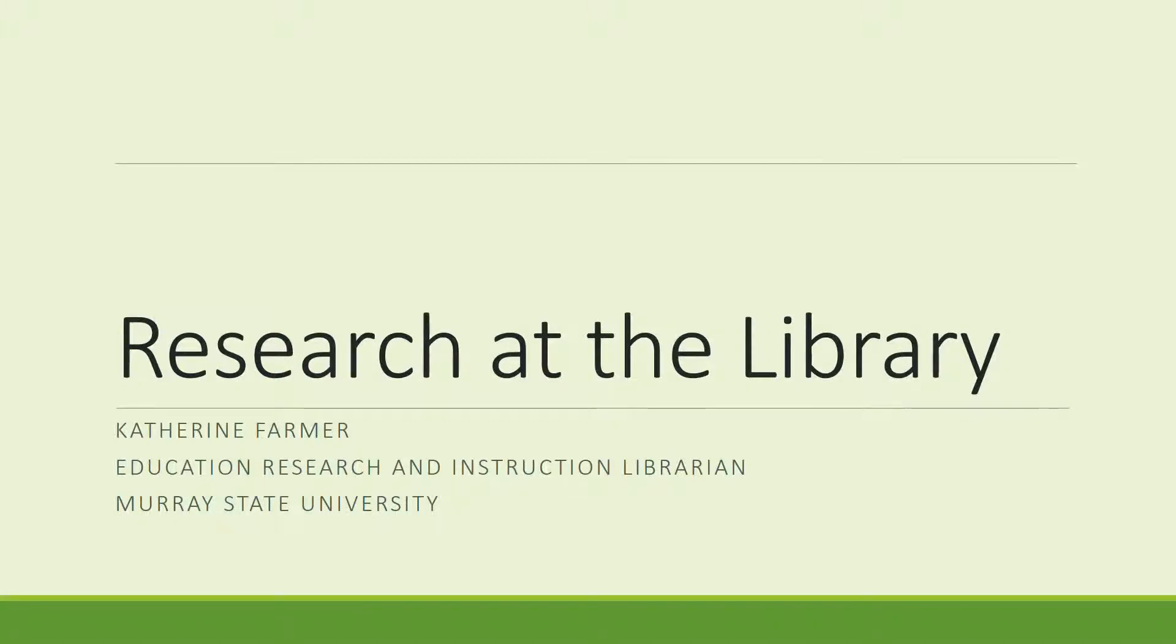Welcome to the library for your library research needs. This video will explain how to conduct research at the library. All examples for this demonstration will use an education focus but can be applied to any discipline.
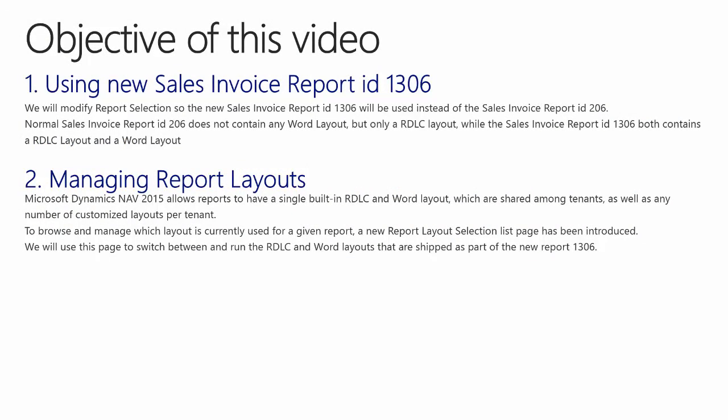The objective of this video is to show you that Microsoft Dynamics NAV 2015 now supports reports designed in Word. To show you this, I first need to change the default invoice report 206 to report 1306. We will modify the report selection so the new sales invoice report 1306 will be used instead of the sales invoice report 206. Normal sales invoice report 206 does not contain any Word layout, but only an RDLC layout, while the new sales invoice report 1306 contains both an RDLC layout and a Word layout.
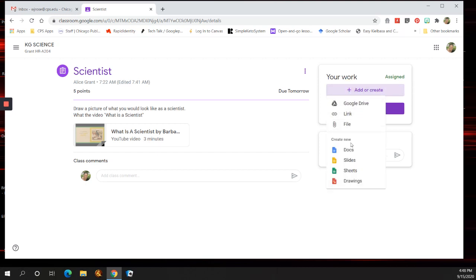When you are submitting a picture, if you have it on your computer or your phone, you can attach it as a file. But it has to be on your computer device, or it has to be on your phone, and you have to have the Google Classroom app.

----

→ **Exercise instructions**
The response consists of the data above printed line for line, with no pictures.

→ **Reply to the exercise**
Welcome to the library for your library research needs. This video will explain how to conduct research at the library. All examples for this demonstration will use an education focus but can be applied to any discipline.
The objective of this video is to show you that Microsoft Dynamics NAV 2015 now supports reports designed in Word. To show you this, I first need to change the default invoice report 206 to report 1306. We will modify the report selection so the new sales invoice report 1306 will be used instead of the sales invoice report 206. Normal sales invoice report 206 does not contain any Word layout, but only an RDLC layout, while the new sales invoice report 1306 contains both an RDLC layout and a Word layout.
When you are submitting a picture, if you have it on your computer or your phone, you can attach it as a file. But it has to be on your computer device, or it has to be on your phone, and you have to have the Google Classroom app.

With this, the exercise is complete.